I do miss blogging though, and receiving some feedback abut the things I read. I MUST get back to writing, and I hope that I will be more constant in the future. I also miss reading whatever comes in my hands and reaching the enormous amount (for me) of fifty books per year. This year I am reading a lot of essays and poetry, because as you may know my doctoral thesis will be on three Indian women poets.
 
Of Mice and Men - John Steinbeck
 
This was the saddest and sweetest novella I have ever read. I think it's nice to say how I came across this book. As you may know, I spent some months in London doing research at the British Library. On my way back from lunch break I saw a book on the pavement in front of the entrance, and I picked it up. I looked around to see if it belonged to someone. I imagined a tourist with a big backpack on his way to King's Cross station, just around the corner. The book had a price tag in Canadian dollars, so the owner must have come from across the ocean. I sat on the marble bench in the library backyard, with the book next to me, in case someone claimed it. I waited 20 minutes, drinking a coffee in the meantime, but nobody came. That's how the book came in my possession.
 
John Steinbeck's Of Mice and Men is a classic of American literature. This said, I was reluctant in resuming Steinbeck, after I found The Grapes of Wrath not to my taste. Not that it was badly written (mind that I read that about thirteen years ago), but it was terribly depressing, and I could not connect with his characters, who lived in the Depression era in the United States, and had to travel for thousands of kilometres just to find a few days' work on a farm.
 
Of Mice and Men is set roughly in the same period and its characters are equally desperate for any kind of unskilled job. George and his simple-minded friend Lennie travel from one farm to the other. They keeping losing their job because Lennie often finds himself in trouble. What I found touching in the story of George and Lennie is the friendship between the two men: they look after each other, and in this way they try not to feel too lonely. Without a family, and constantly travelling, they live a meagre life. They dream of buying a place of their own, and this is what keeps them going. In the backdrop, you read about the poverty of America in those years, something not often talked about in fiction I think, and the racial divide that is strangling the country. It's a sad and hopeless America what John Steinbeck writes about. I must warn you that Steinbeck is not a writer for everyone: his writing is so down to earth that it reminds me of Hemingway, at least in this work. There is no complacency in his style, and this means no esthetic "ribbons". As you know, I am not a big fan of Hemingway.
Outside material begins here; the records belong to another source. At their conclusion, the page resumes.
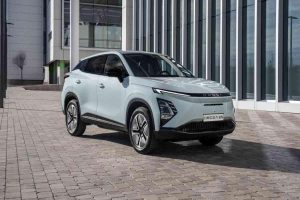 Omoda 5 ev: scopri il nuovo suv elettrico e il suo prezzo competitivo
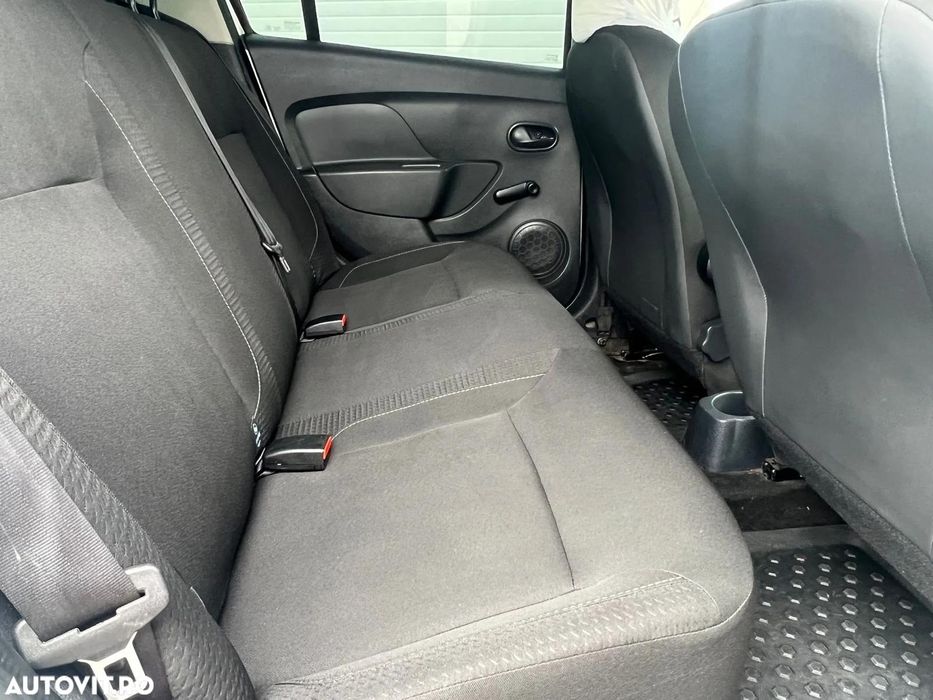 Dacia Logan 0,9 TCe Laureate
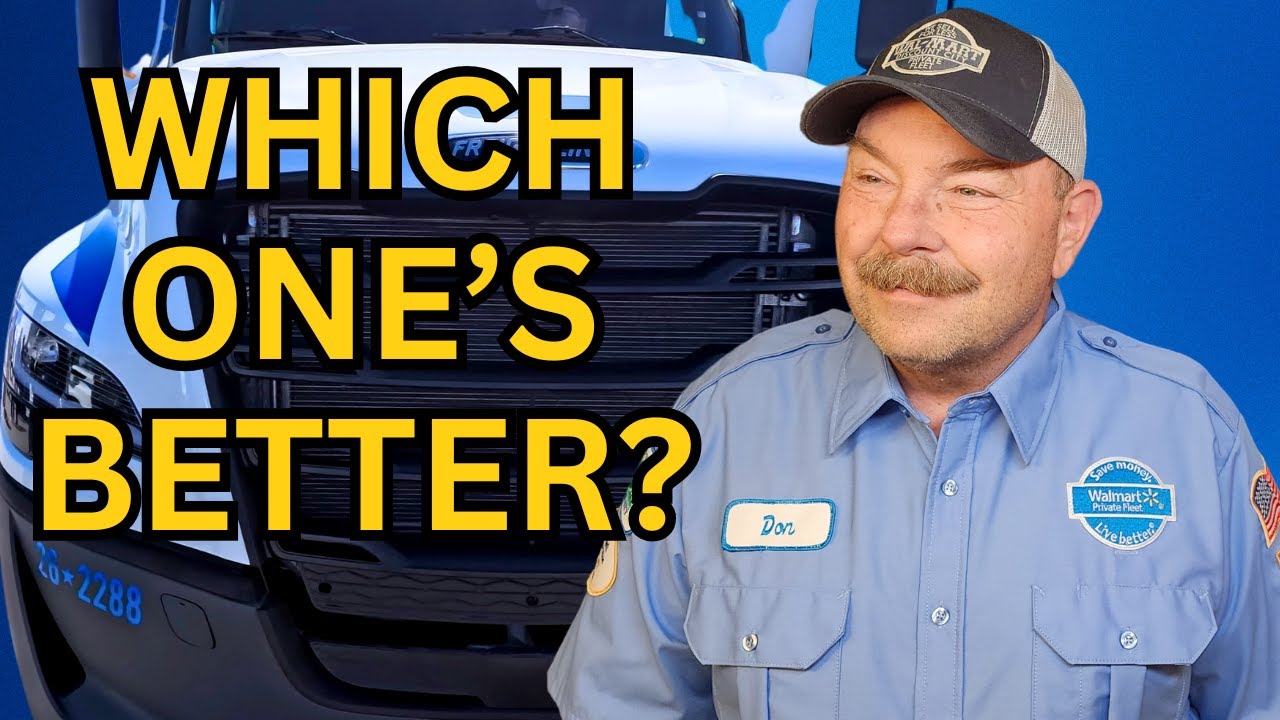 Walmart Trucking Grocery vs GM Which One Is Right For You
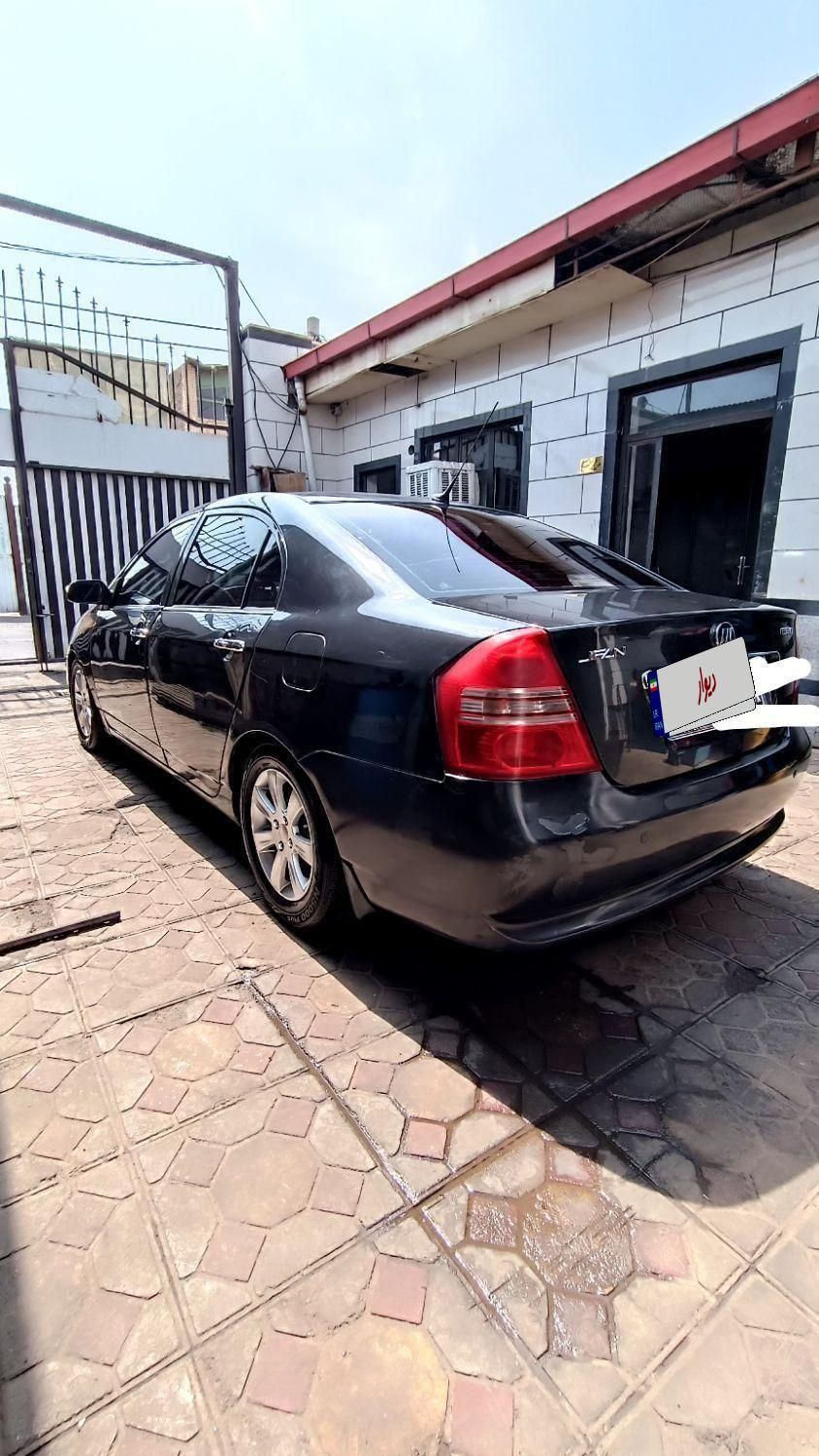 لیفان 620 دنده‌ای 1600 - 1390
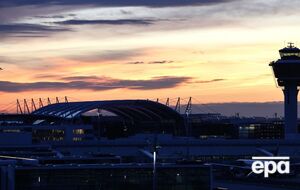 З Мюнхена не змогло вилетіти 17 рейсів, що торкнулося майже 3 тис. пасажирів, ідеться в повідомленні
I understand his point (and Steinbeck's) but I don't find much pleasure in reading that kind of literature. I appreciated this book, Lennie is a sweet character and the metaphors at the end of the book are heart-breaking (I can't go on here without a spoiler!), but I am not going to dive into Steinbeck's opera omnia any time soon.
 
 

2 comments:

  1. Yes, you MUST get back to writing: mi sei mancata! Sono contenta di leggerti di nuovo.

    Anche io ho letto tanti anni fa Furore, non mi era dispiaciuto, però non mi era neanche venuta voglia di leggere altri suoi libri (e se anche mi fosse venuta, ora dopo il tuo post mi sarebbe passata!).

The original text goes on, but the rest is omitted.